FILE - In this May 17, 2012 file photo newly named Housing Minister Cecile Duflot, wearing denim trousers, arrives for the first weekly cabinet meeting with new President Francois Hollande, at the Elysee Palace in Paris. The hooting and catcalls on Duflot began as soon as she stood, wearing a blue and white flowered dress. It did not cease for the entire time she spoke before France's National Assembly. And it came not from an unruly crowd, but from male legislators who later said they were merely showing their appreciation on a warm summer's day. French lawmakers are nearing passage of a law on sexual harassment, more than two months after the country's previous one was thrown out by a court, and all pending cases along with it. (AP Photo/Thibault Camus, File)
PARIS (AP) — The hooting and catcalls began as soon as the Cabinet minister stood, wearing a blue and white flowered dress. It did not cease for the entire time she spoke before France's National Assembly.

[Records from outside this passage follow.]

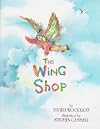 The Wing Shop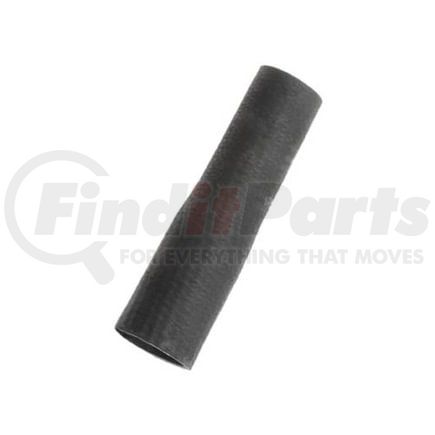 Dayco 72274 CURVED RADIATOR HOSE, DAYCO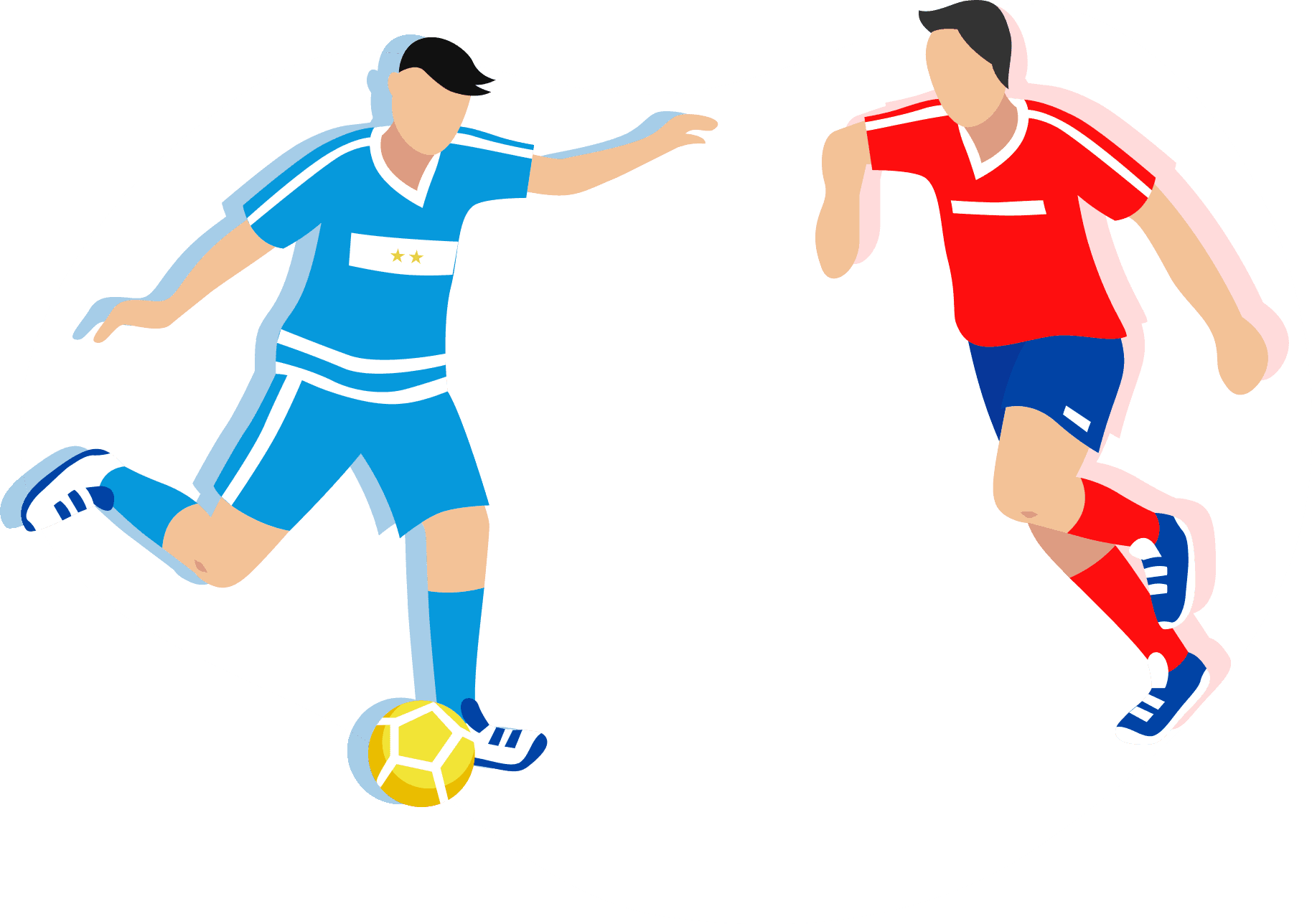 Проверь свои знания<br />о спорте!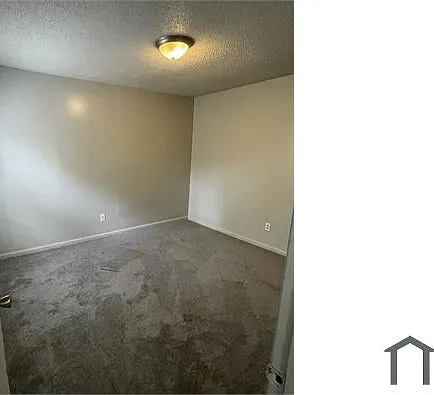 8473 Windypine Ln — Photo 3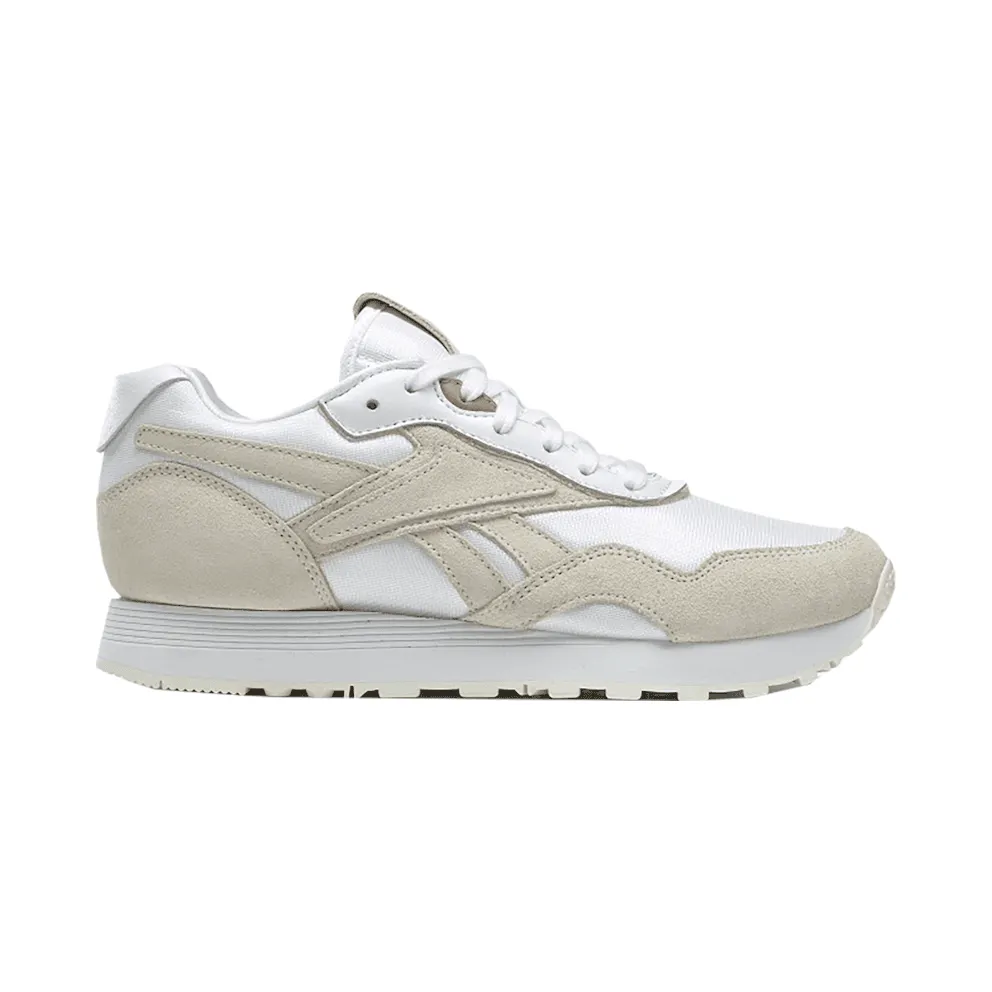 Reebok x Victoria Beckham Rapide Damen Sneaker weiß (FX3142)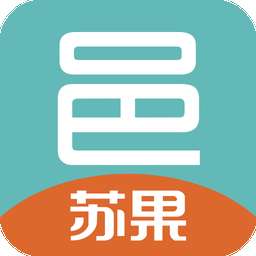 手机未关联应用安卓未关联应用软件下载红鼠手游网分类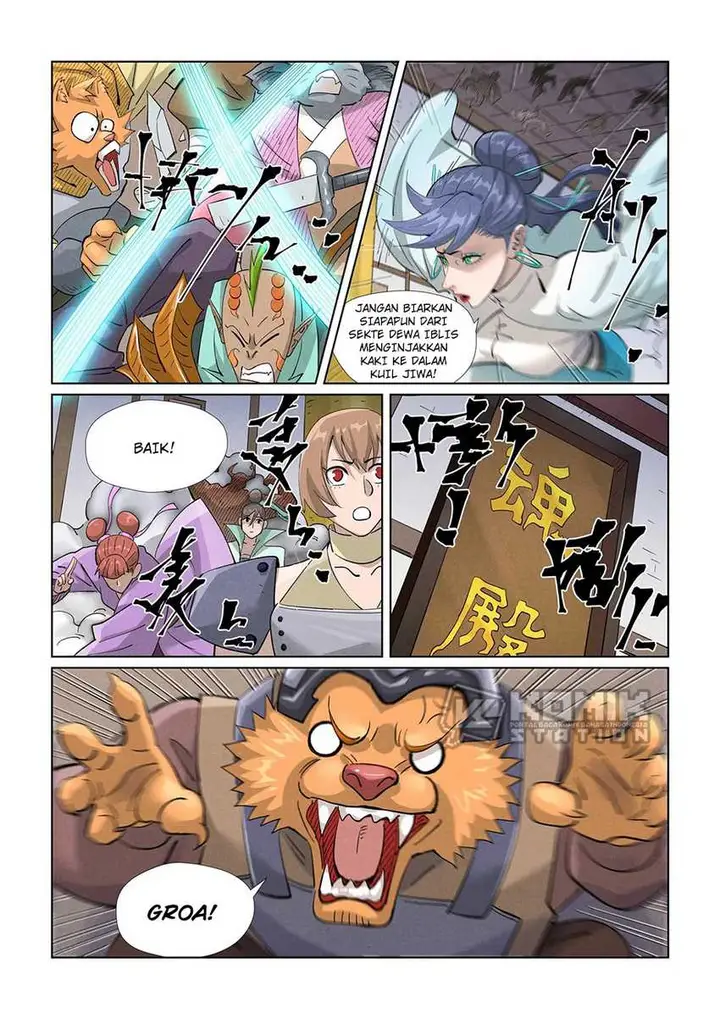 image-komik-tales-of-demons-and-gods-chapter-442-4/11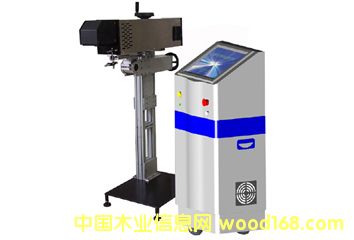 �c���鿴����˴a�C�Ŵ�DƬ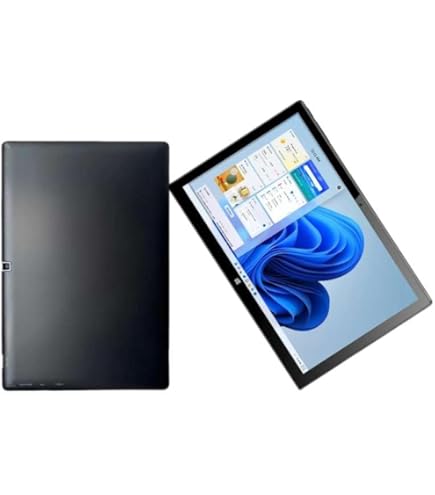 Microsoft Surface Pro 9 5G   13  Touch Screen SQ3   8GB Memory   128GB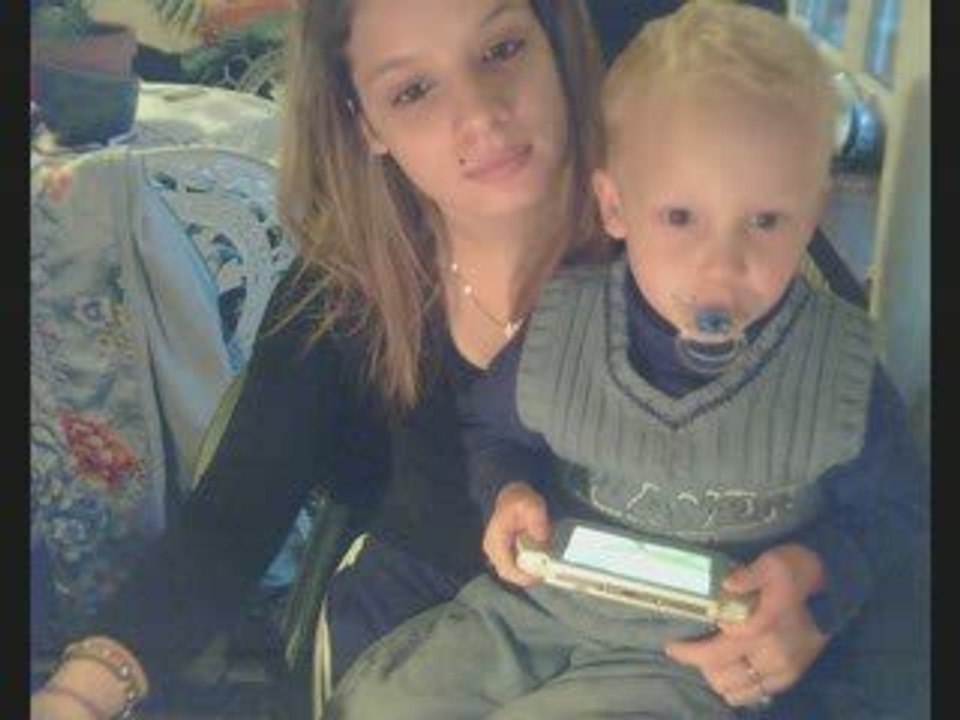 Noah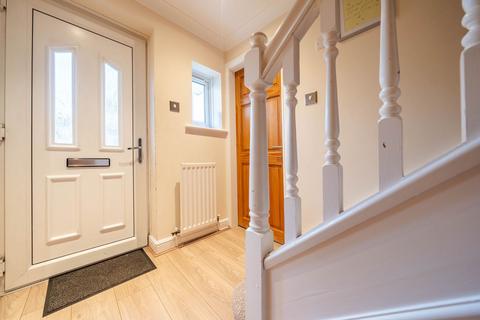 3 bedroom detached house for sale, 20 Heath Close, Kendal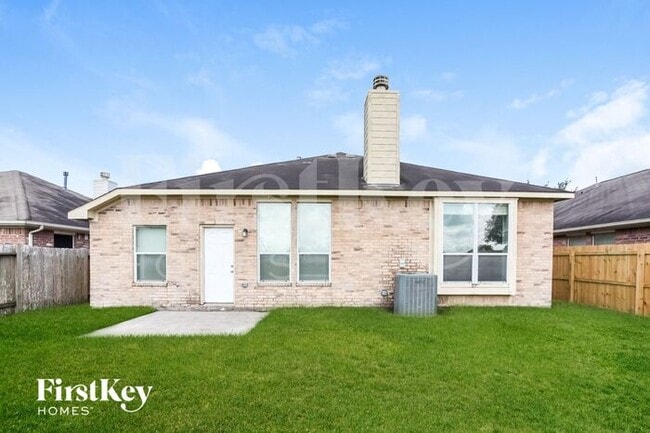 Building Photo - 5202 McGrath Dr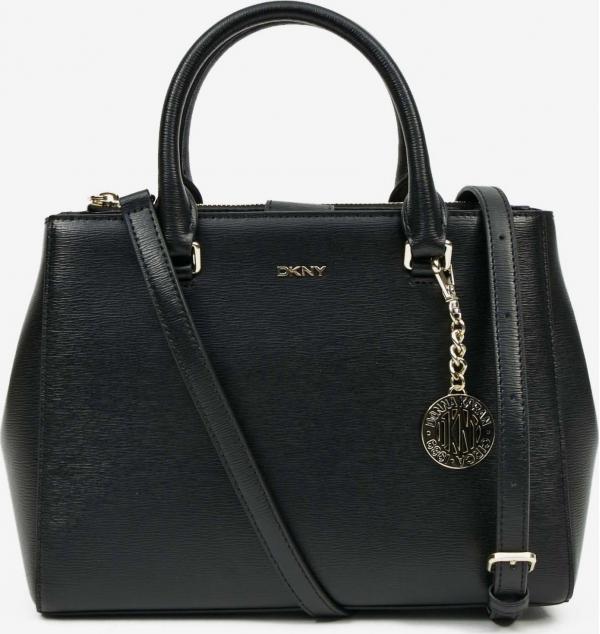 Bryant Medium Kabelka DKNY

And they came not from an unruly crowd, but from male legislators who later said they were merely showing their appreciation on a warm summer's day.
Cecile Duflot, the Housing minister, faltered very slightly, then continued with her prepared remarks to the Assembly.
"Ladies and gentlemen, but above all the gentlemen, obviously," she said in a firm voice as hoots rang out. She completed the statement on her ministry and again sat down. None of the men in suits who preceded her got the same treatment from the deputies.
The same French Assembly on Tuesday is expected to take up a new law on sexual harassment, more than two months after a court struck down the previous statute, saying it was too vague and failed to protect women. In the meantime, there has been nothing. All cases that were pending when the law was struck down May 4 were thrown out. And, without a law, there were no new cases.
"Women will no longer be without protection, that's the most important thing," said Asma Guenifi, president of the feminist group Neither Prostitutes nor Doormats. But Guenifi said she had reservations about the replacement law, primarily its maximum punishment of three years in prison and the three escalating categories of harassment.
"My fear today is that this new law won't be clear enough, protective enough or global enough," Guenifi said. "Ideally there would be one law, one definition of sexual harassment. All victims should be able to find themselves in this law, without resorting to categories and levels. "
The new legislation will extend to cover offences in universities, in the housing market and job interviews, and is intended to punish single acts of sexual blackmail as sexual harassment — previously only covering repeated acts. The government, keenly aware of the lack of protection since the May 4 court decision, has pressed for a quick vote. It has already passed the Senate.
But in a culture where hissing at women on the street is considered a sign of approval and sexual banter is often a workplace norm, Guenifi said the law could be a hard sell for women under pressure to keep their jobs in a difficult economy. Especially coming from the same group of lawmakers who last week disrupted a normally routine presentation from government ministers.
Guenifi said the reaction to Duflot in the July 17 Assembly session was disappointing, but unsurprising.
"We knew that sexism and machismo touches all socioeconomic classes, but it's very sad because everyone can identify with it, saying, 'Even there they don't respect women,'" she said.
Duflot - who came under criticism after wearing jeans to her first Cabinet meeting this year - said she was shocked at the reaction last week in the Assembly.
"I worked in the building and construction sector, and I never saw that. It says something about certain deputies. It means something about certain deputies. I think about their wives. I think about all the men who aren't like that," Duflot said later in an interview with the French television network RTL.
One of the male deputies was unrepentant, denying the outburst was intended to be offensive: "We weren't booing or whistling at Cecile Duflot. We were admiring," Patrick Balkany, of the opposition UMP, told the newspaper Figaro. "It's possible to look at a woman with interest without it being machismo."
A female UMP deputy was more perturbed by the outburst.
"It's a way of not taking women's voices into consideration, to deny your work or your role," Francoise de Panafieu, whose mother Helene Missoffe was a junior minister in the 1970s as well as an Assembly deputy. "Since my mother, the place of women in politics has not budged."
The new sexual harassment law, which was passed by the Senate last week, is supposed to address problems in France that many say have been going on for as long as women have been a big part of the workforce. It sets three levels of harassment, with the most serious punishable by three years in prison. Among the circumstances that merit the most severe punishment: if the harasser has authority over the victim, if the victim is younger than 15, or if multiple people carry out the harassment.
Guenifi listed acts that would draw the most lenient, one-year punishment, including repeated gestures, discourse, or other sexually suggestive actions intended to create a hostile or intimidating environment.
"All that, and one year of prison?" she asked. "It's scandalous, truly scandalous."